Dans la psyché d’un agresseur
UN SI GENTIL GARÇON Adaptation de Denis Lavalou, d’après le roman de Javier Gutiérrez. Mise en scène de Denis Lavalou et Cédric Dorier. Une coproduction du Théâtre Complice, des Célébrants et du Théâtre du Grütli. À l’Usine C, jusqu’au 18 novembre.
Un agresseur sexuel peut emprunter tous les visages, même celui de la respectabilité. Ou de la culture. Cette leçon nous est douloureusement rappelée ces jours-ci dans la vie réelle. Adapté d’un roman espagnol, Un si gentil garçon s’intéresse à cet enjeu terriblement épidémique. Mais en premier lieu aux répercussions de tels crimes sur la conscience torturée de l’un des agresseurs.
Polo avait formé un groupe rock avec des camarades d’université, mais leur succès a horriblement mal tourné lorsqu’ils en sont venus à agresser de jeunes femmes préalablement droguées. Des victimes qui n’avaient souvent même pas conscience de l’être. Quinze ans plus tard, Polo a remisé son rêve de musicien pour devenir banquier, mais cet homme angoissé, affligé de problèmes maritaux, est incapable d’échapper à son passé. La rencontre avec l’ancienne chanteuse du groupe (Inès Talbi, dont la belle voix sert bien son rôle) fait tout remonter à la surface. Que s’est-il réellement passé la fameuse nuit du concert?
Raconté à la manière d’une enquête psychologique, le récit prend la forme d’un casse-tête narratif, une fragmentation qui épouse la confusion mentale du narrateur. Celui-ci va et vient, dans le désordre, entre des tableaux campés à différentes époques, et sa consultation auprès d’un psychiatre (Jean-François Blanchard), installé au centre de la scène.
Le spectacle présente aussi un éclatement entre diverses formes artistiques. Si certains segments de narration, dits au micro, conservent un ton littéraire, l’adaptation théâtrale a fait l’objet d’une proposition formelle très élaborée. Voire surchargée. Cette coproduction entre le Théâtre Complice et des compagnies suisses a recours à trois musiciens sur scène et à une création visuelle en direct, projetée sur écran, par une artiste qui joue habilement avec les matières.

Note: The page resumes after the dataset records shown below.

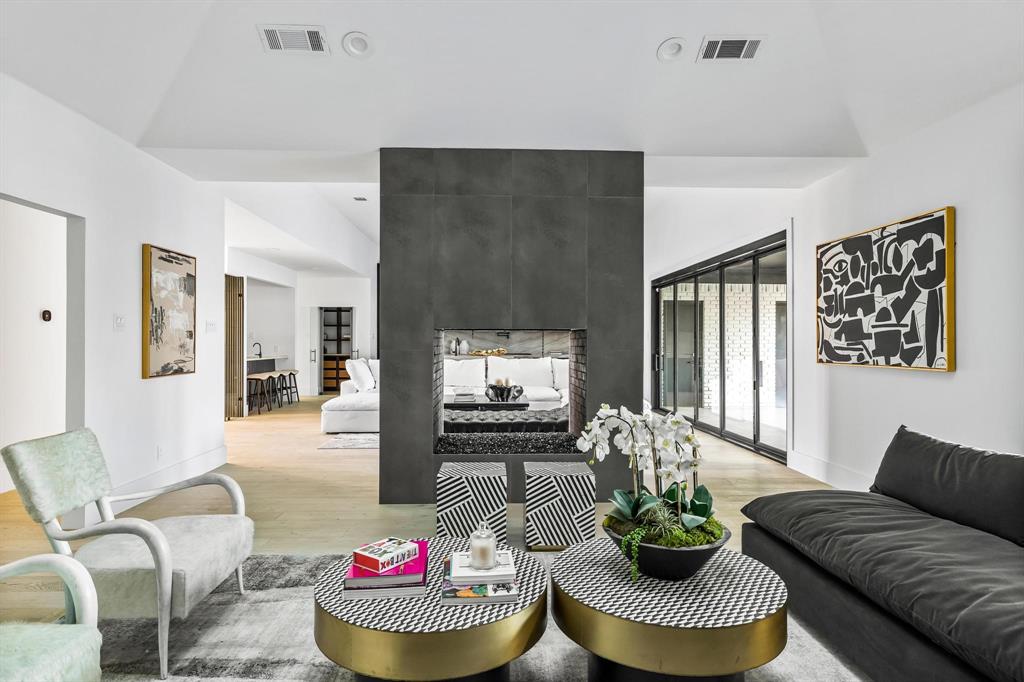 Netherland Estates - Residential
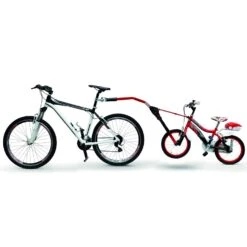 Peruzzo Trail Angel Tandemstange 10 Peruzzo Trail Angel Tandemstange -Scott Verkäufe peruzzo trail angel tandemstange 2021 309203 b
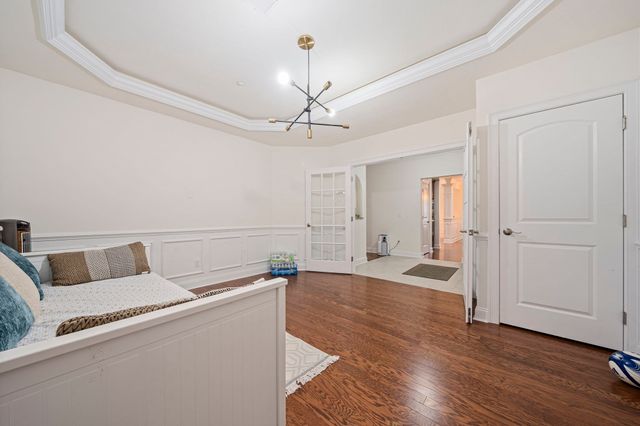 314 Eagles Nest Way 314, Franklin, MA 02038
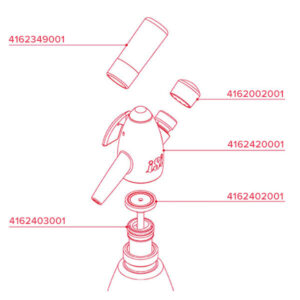 ART 24989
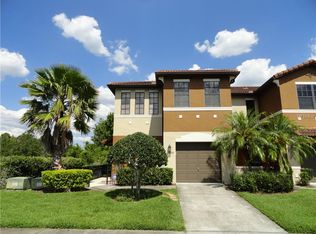 9588 Bacchus Trl, Orlando, FL 32829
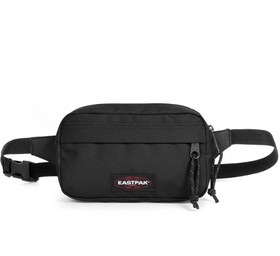 Resim Eastpak Çanta Bel Çantası BOUNCER 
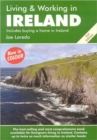 Living and Working in Ireland : A Survival Handbook - Book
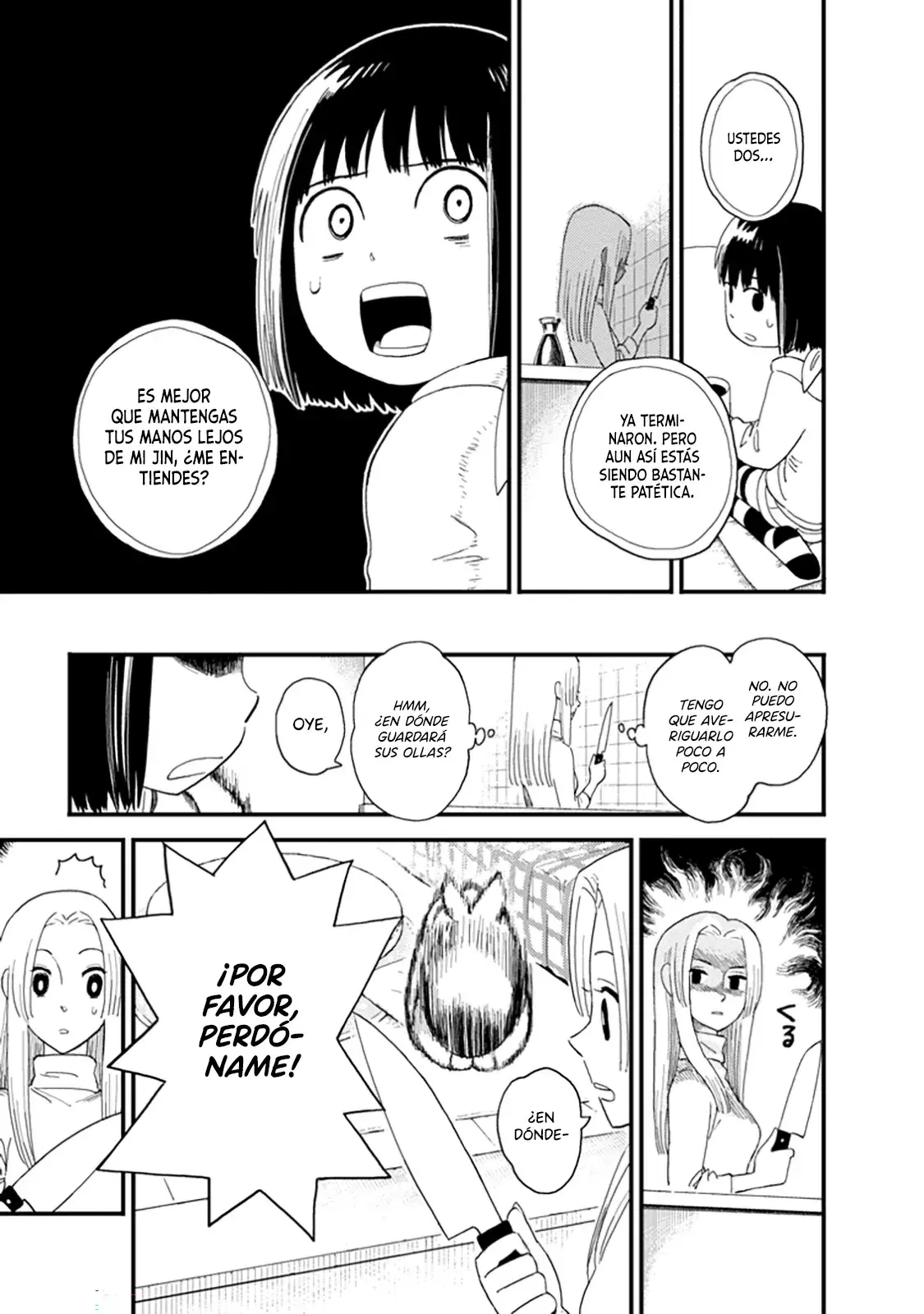 Capitulo 10 page 17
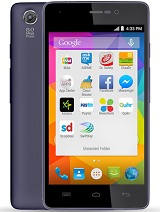 Best available price of Micromax Q372 Unite 3 in Russia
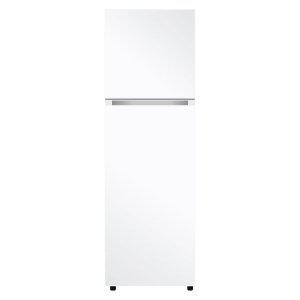 [삼성]정품가전 삼성전자 삼성 2도어 소형 일반형 냉장고 RT17N1000WW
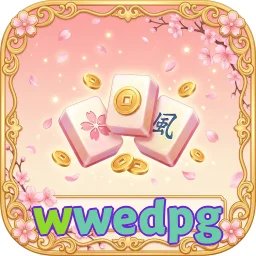 wwedpg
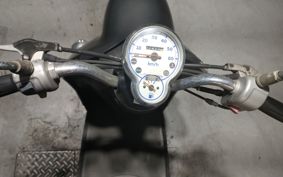 YAMAHA VINO SA37J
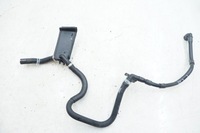 фото thumb №1, Volvo xc60 ii xc90 v90 s90 мягкий гибрид труба шланг wody 32339863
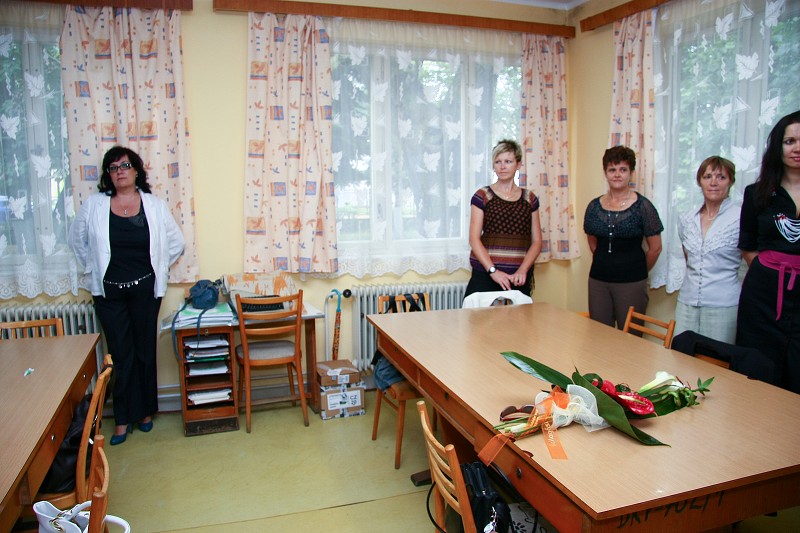 img00016.jpg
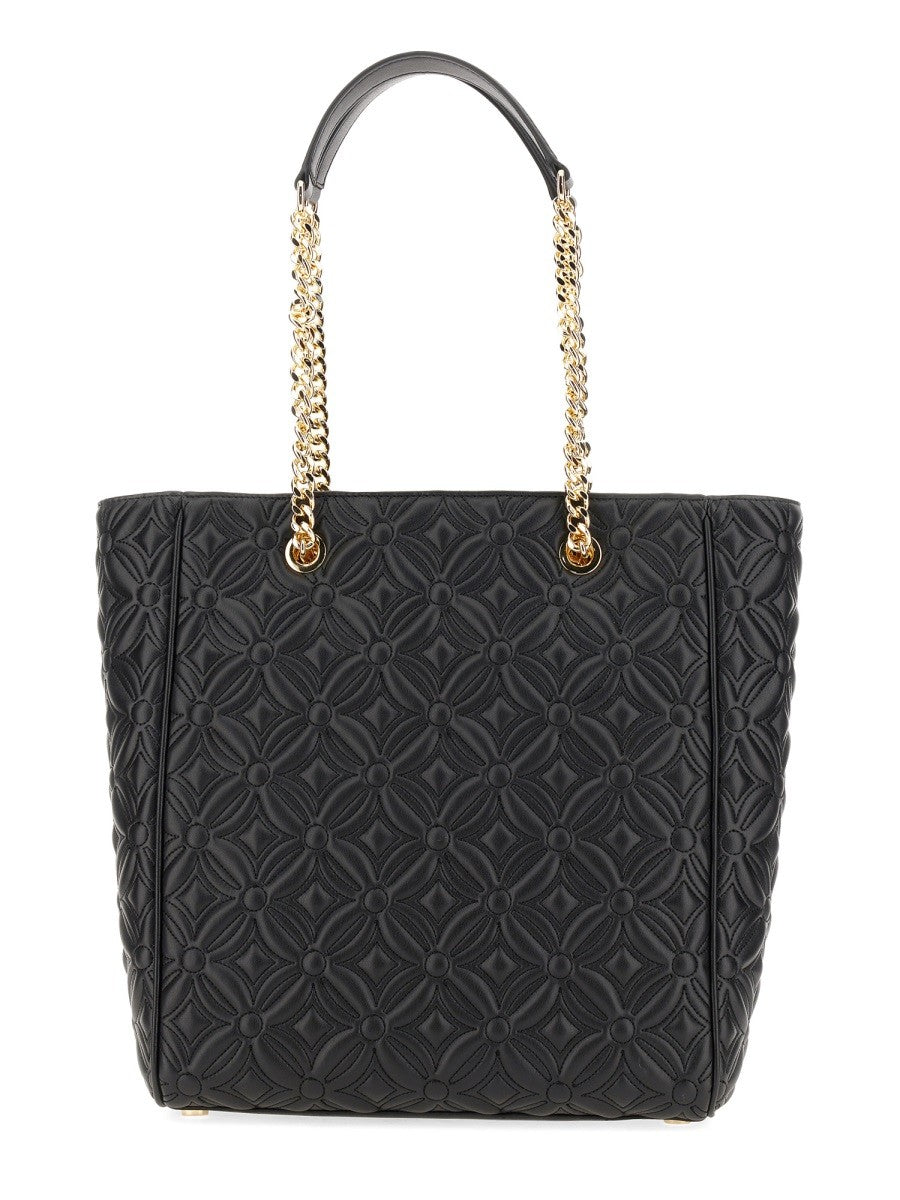 Michael By Michael Kors TAŠKA "BLAIRE"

On espère peut-être ainsi créer une sorte de saturation sensorielle faisant écho au cauchemar du narrateur. Malheureusement, la juxtaposition de ces divers éléments m’a davantage donné une impression d’éparpillement que de cohésion. Et à côté des gracieuses et fluides compositions abstraites dessinées par Manon De Pauw, le psychodrame d’un narrateur plongé notamment dans une situation conjugale malsaine à outrance paraît bien lourd.
Au sein d’une distribution inégale, le comédien et co-metteur en scène Cédric Dorier se donne à fond en protagoniste plongé dans un maelström émotif, entre remords et tentation du déni. Avec son allure proprette de jeune homme bien sous tous rapports, son Polo échappe au stéréotype de l’agresseur. Ce contraste aurait sans doute pu être très intéressant. Mais si l’interprète rend sensible le tourment de son personnage, son jeu paraît un peu trop lisse pour qu’on ait accès à sa noirceur.